By Hailinel 63 Comments
I'm sure that, given their obvious similarities, comparisons have already been drawn between Asura, the rage-fueled protagonist of Asura's Wrath, and Kratos, the rage-fueled protagonist of the God of War series. But even with that being the case, I felt the urge to add my own views to the argument. Namely, that in terms of their characterizations and despite their similarities, Asura is the better, more realized of the two, even taking into account that Kratos has had more games in which to develop.
Warning! The rest of this article is scattered with spoilery references to things that happen in Asura's Wrath. If you care at all to experience the game for yourself, don't read any further!

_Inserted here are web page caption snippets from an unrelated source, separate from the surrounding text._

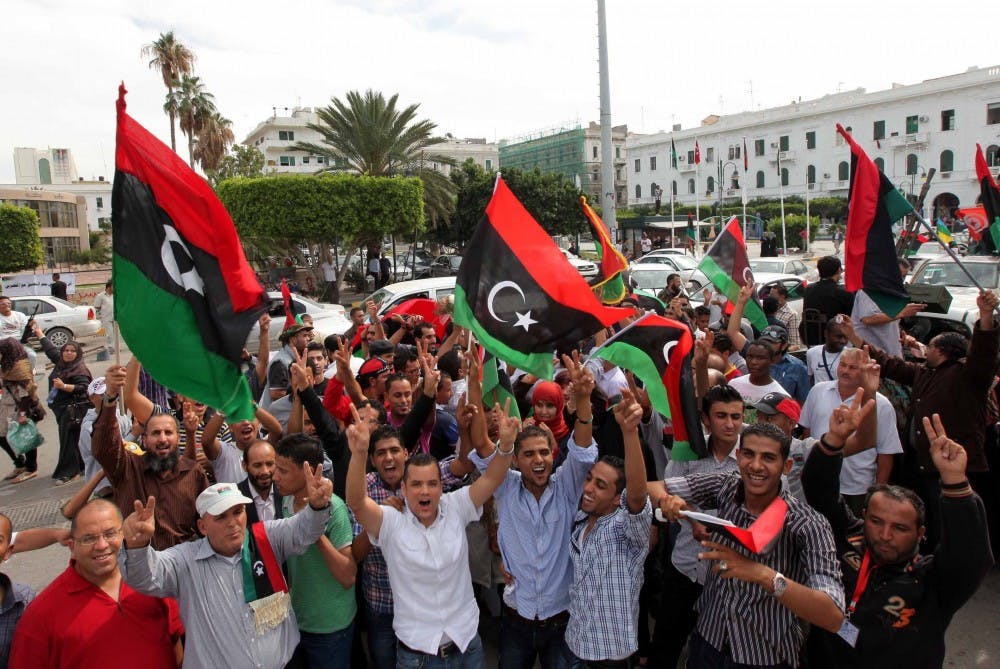 world-news-libya-2-aba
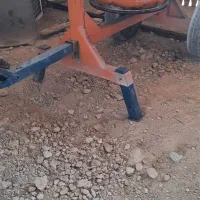 اجاره ابزار آلات ساختمانی|خدمات پیشه و مهارت|قشم, |دیوار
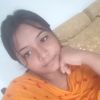 shirin.chowdhury050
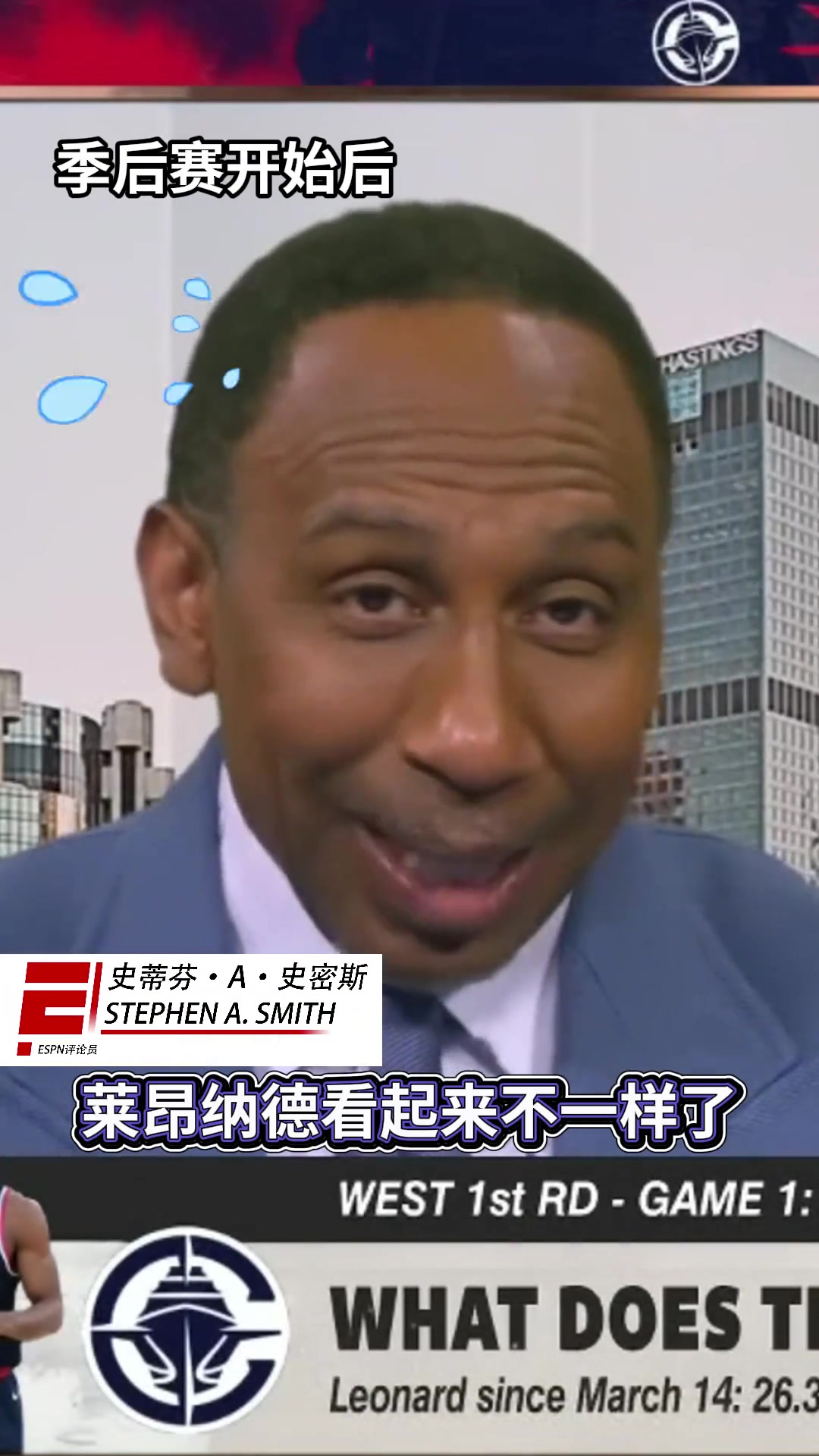 打服了美國楊毅改口我只是質(zhì)疑小卡的出勤率沒有質(zhì)疑他的能力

Despite that advantage, Kratos's characterization exists more or less on a downward slope. The first God of War is a tale of revenge and redemption as Kratos makes up for being tricked into murdering his own wife and child. But then the sequels only serve to regress him. He becomes less a tragic hero or antihero, and more just straight-up petulant, like an angry teenager. He goes about murdering everything in his path with very few exceptions, and falls into the trap of being more or less defined by his thirst for slaughter above all else, with a side of sex minigames.
You know, because he's supposed to be a badass.
Asura, on the other hand, is a more sympathetic figure. Whereas Kratos's thirst for revenge came from, in general, being a violent fool that pleaded to Ares for power and became a zealot, leading to his family's deaths, Asura is never under any such delusions. From the outset, he's a pawn in a coup enacted by his comrades, framed for the murder of the emperor, and branded a traitor. Further, his wife is killed and his daughter is kidnapped not because of anything he does, but because of the villain's overarching scheme.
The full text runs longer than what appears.